As far as the cuisine itself, customers can expect to chow down on a sizeable selection of dumplings and filled dough at Bing. True to the spirit of traditional dim sum parlors, the portions will be small to moderately-sized to feed a large number of people a wide variety of food.
With Sichuan cucumber salad dumplings and soup-filled dough bites just a few of the restaurant’s tentative menu options, it’s clear that Bing Bing will offer much more for the palette than just the traditional Chinese joint.
“They’re all plays on classic dim sum dishes and, or traditional Chinese food,” Puchowitz said.
Similar to the Cheu Noodle Bar, Darragh and Puchowitz’ ramen-themed venue on South 10th St., menu options are low-priced to allow for a more group-friendly, laid back atmosphere.
Forever savants of restaurant décor – just check out the graffiti wall inside of Cheu Noodle – Darragh and Puchowitz have decked out the inside of Bing with a slew of traditional Chinese furnishings.
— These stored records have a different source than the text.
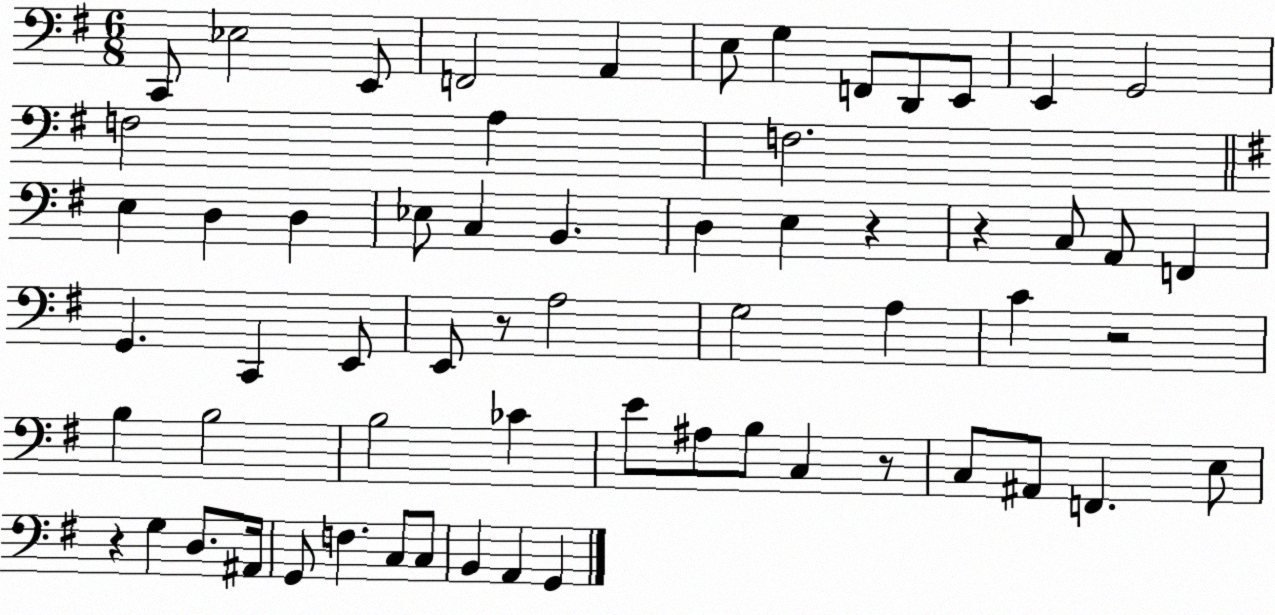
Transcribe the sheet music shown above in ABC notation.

X:1
T:Untitled
M:6/8
L:1/4
K:G
C,,/2 _E,2 E,,/2 F,,2 A,, E,/2 G, F,,/2 D,,/2 E,,/2 E,, G,,2 F,2 A, F,2 E, D, D, _E,/2 C, B,, D, E, z z C,/2 A,,/2 F,, G,, C,, E,,/2 E,,/2 z/2 A,2 G,2 A, C z2 B, B,2 B,2 _C E/2 ^A,/2 B,/2 C, z/2 C,/2 ^A,,/2 F,, E,/2 z G, D,/2 ^A,,/4 G,,/2 F, C,/2 C,/2 B,, A,, G,,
Authentic red and gold emperor beds encase booths with classic Chinese art etched into the back of the benches. Handmade stools and tables by a local Chinese furniture-maker create the seating arrangement within the restaurant. Even windows brought from the far-east sit near the bar, surrounded by a mural of dueling dragons and a colorful city. A wall filled with stickers depicting hoards of cartoon dumplings with varying outlandish faces adds an American urban-art flavor to the space as well.
Puchowitz and Darragh said difficulties naturally arose in the process of building their culinary brainchild from the ground up.
“Trying to get everyone to get work done fast is not easy,” Darragh said. “When you try and build a restaurant, you think it’s going to go by fast but it ends up taking long just because you have to kind of piece everyone together. Not everyone works at the same time.”
As the eatery’s grand opening grows closer, both owners said they hope to keep swift dining, affordable food and happy regular customers a staple of their food philosophy.
“We want to make people have a good time here,” Puchowitz said. “There’s a lot of hype around fine-dining food, but most often it does not meet your expectations, and the reason is the price. We try to do it where people can come in here and eat for under $25 and have a good time.”
“Atmosphere is big for us, I especially love atmosphere,” Darragh added. “We want to make people happy. Between [Bing Bing] and Cheu, it really sums up what me and Ben like as far as atmosphere, food and drink: cheap, affordable and quick.”